EPDK yılbaşından bu yana TETAŞ’ın elektrik dağıtım şirketlerine sattığı elektrik fiyatında 2 kez indirim yaptı. Yapılan bu indirimler halkımızın faturasına yansıtılmadı, dağıtım şirketlerinin direkt kasalarına aktarıldı. Ayrıca yapılan yüzde 10’luk doğal gaz indirimi de elektrik fiyatlarında bir indirim yapılmasını derhâl gerektiriyor çünkü tükettiğimiz elektriğin 2014 yılında yüzde 48’ini, 2015 yılında da yüzde 38’ini doğal gazdan üretmiş durumdayız. İçerisinde bulunduğumuz 2016 yılında da benzer bir durum söz konusu. Ülke olarak elektriğimizin büyük bir bölümünü de doğal gazdan üretiyoruz. Bu nedenle çok az ve yetersiz de olsa doğal gazdaki indirimin, TETAŞ’ın elektrik dağıtım firmalarına verdiği elektrikte yaptığı indirimin elektriğin perakende fiyatlarına da yansıtılması ve halkımızın faturalarında indirime gidilmesi gerekiyor. Halkımıza satılan elektriğin maliyeti düşerken halkımızın ödediği faturada bir düşüş olmuyor. Enerji ve Tabii Kaynaklar Bakanını göreve davet ediyoruz.

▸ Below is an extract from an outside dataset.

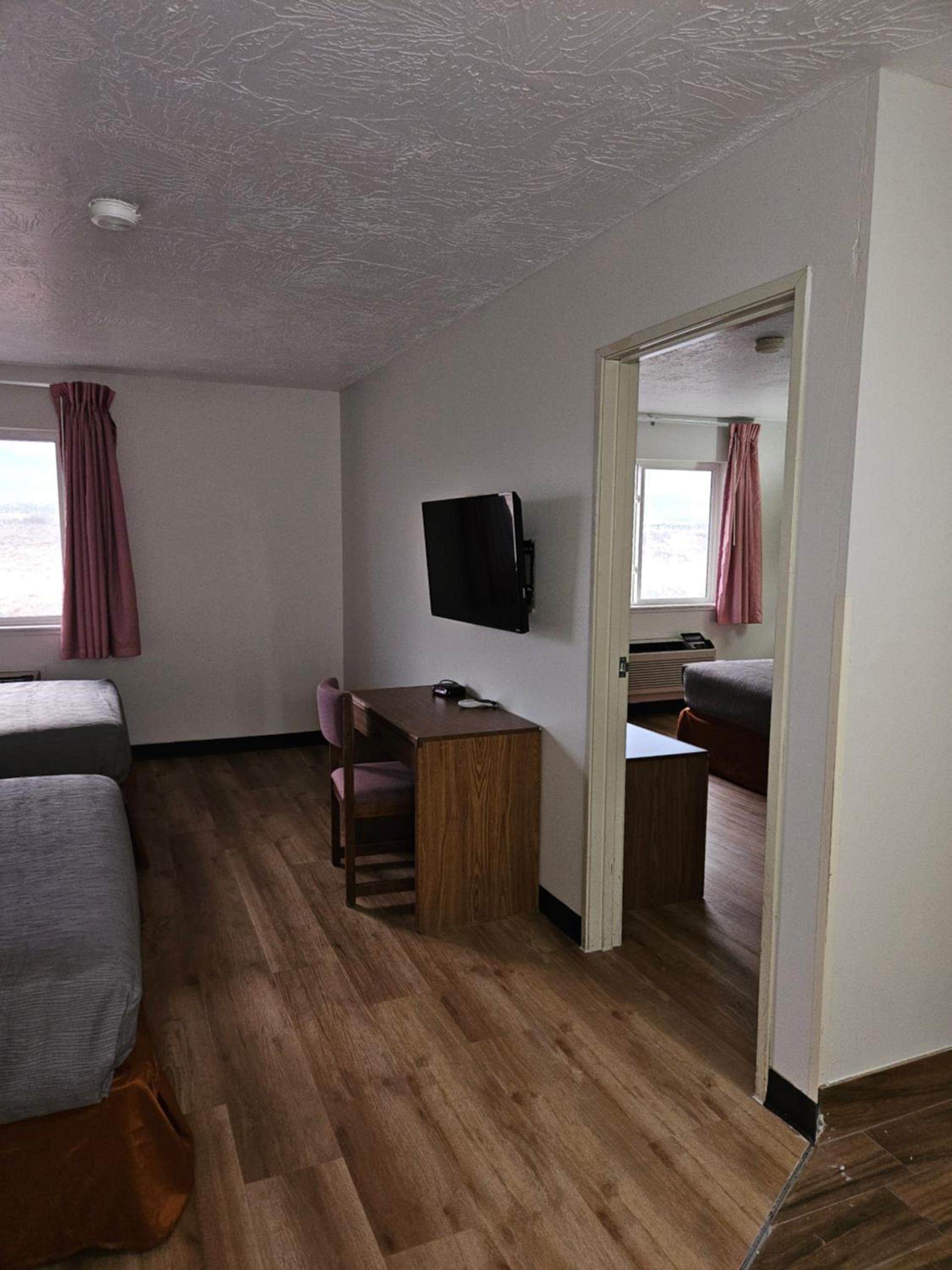 Quality Inn Beaver I-15 photo 33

BAŞKAN – Teşekkür ederim Sayın Akın.

Sayın Kayışoğlu…

4.- Bursa Milletvekili Nurhayat Altaca Kayışoğlu’nun, Bursa’daki İPEKİŞ Fabrikasının mahkemenin yürütmeyi durdurma kararına karşın yıkıldığına ve herkesi mahkeme kararlarına saygıya davet ettiğine ilişkin açıklaması

NURHAYAT ALTACA KAYIŞOĞLU (Bursa) – Teşekkür ediyorum Sayın Başkan.

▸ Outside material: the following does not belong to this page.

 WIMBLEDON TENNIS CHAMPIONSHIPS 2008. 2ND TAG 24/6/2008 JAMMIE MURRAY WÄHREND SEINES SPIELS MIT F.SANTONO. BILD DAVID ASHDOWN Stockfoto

Bursa’da 1925 yılında kurulan, cumhuriyetin kazanımlarından olan İPEKİŞ Fabrikasının yerine 250 odalı otel yapılması kararı alınmış ve proje Osmangazi Belediyesi ile Bursa Büyükşehir Belediyesi tarafından onaylanmıştır. Alınan yıkım kararına karşı mahkemeye başvurulmuş, mahkeme tarafından yıkımla ilgili yürütmenin durdurulmasına karar verilmiştir. Mahkemenin verdiği yürütmeyi durdurma kararına rağmen yıkım işlemi gerçekleştirilmiştir. Cumhuriyet tarihinde hiçbir zaman kanunun bu kadar dolanıldığı, mahkeme kararlarının yok sayıldığı, mafyavari bir yönetim olmamıştır.

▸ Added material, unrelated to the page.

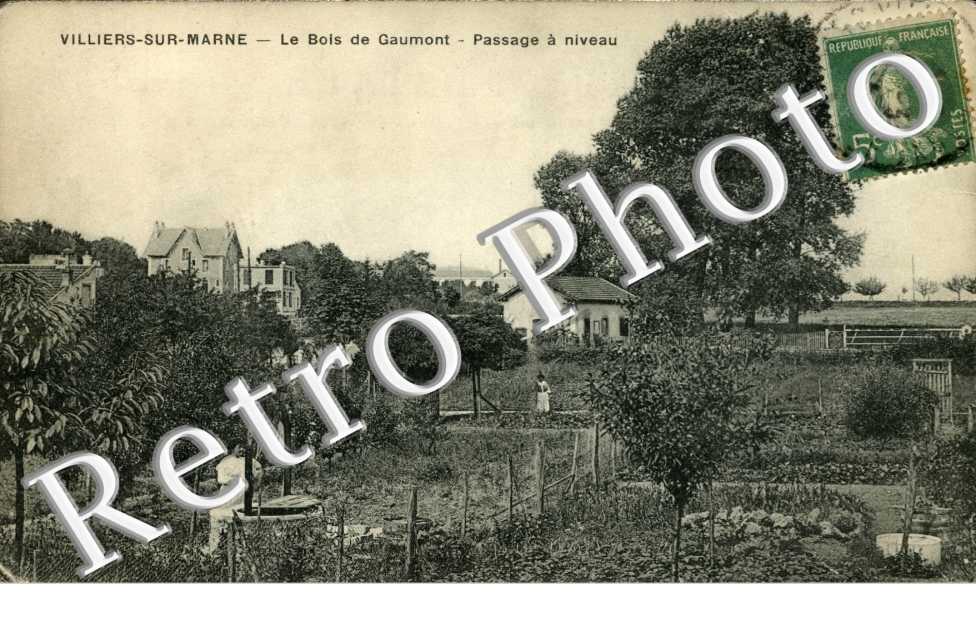 Le bois de Gaumont - passage a niveau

Oldu olacak mahkemeleri KHK’yla kapatın, insanlar bari mahkeme kapılarında sürünmesinler diyorum ve umarım bu son kanun tanımazlığınız olur ve bundan sonra herkesi, tabii özellikle idarecileri hukuka, mahkeme kararlarına saygıya davet ediyorum.

Teşekkürler.

BAŞKAN – Sayın Arık…

5.- Kayseri Milletvekili Çetin Arık’ın, 26’ncı Dönem İkinci Yasama Yılının Türk milletine hayırlı olmasını dilediğine ve Lozan Anlaşması’nın tam bağımsız Türkiye için savaşanların imzaladığı bir anlaşma olduğuna ilişkin açıklaması

ÇETİN ARIK (Kayseri) – Teşekkür ederim Sayın Başkan.

Öncelikle 26’ncı Dönem İkinci Yasama Yılının Türk milletimize hayırlı olmasını diliyorum.

Türkiye’nin hiç sorunu yokmuş gibi şimdi de Türkiye Cumhuriyeti’nin tapu senedi Lozan Antlaşması’nı tartışmaya başladık. Herkes bilmelidir ki Lozan, bu ülkeyi parsel parsel satanların, İngiliz gemisine binerek vatanından kaçanların değil, yedi düvele karşı tam bağımsız Türkiye için savaşanların imzaladığı bir anlaşmadır. Lozan, Türk milletine karşı yüzyıllardan beri hazırlanmış ve Sevr Antlaşması’yla tamamlandığı sanılmış büyük suikastın sonuçsuz kalmasını sağlayan bir zaferdir. Lozan, kendi iktidarını sağlama almak için “Ne istediler de vermedik.” diyenlerin değil, “Ya istiklal ya ölüm!” diyenlerin imzaladığı bir metindir. Kısacası Lozan, Türkiye Cumhuriyeti’dir; Lozan, Türkiye Cumhuriyeti’nin doğum günüdür.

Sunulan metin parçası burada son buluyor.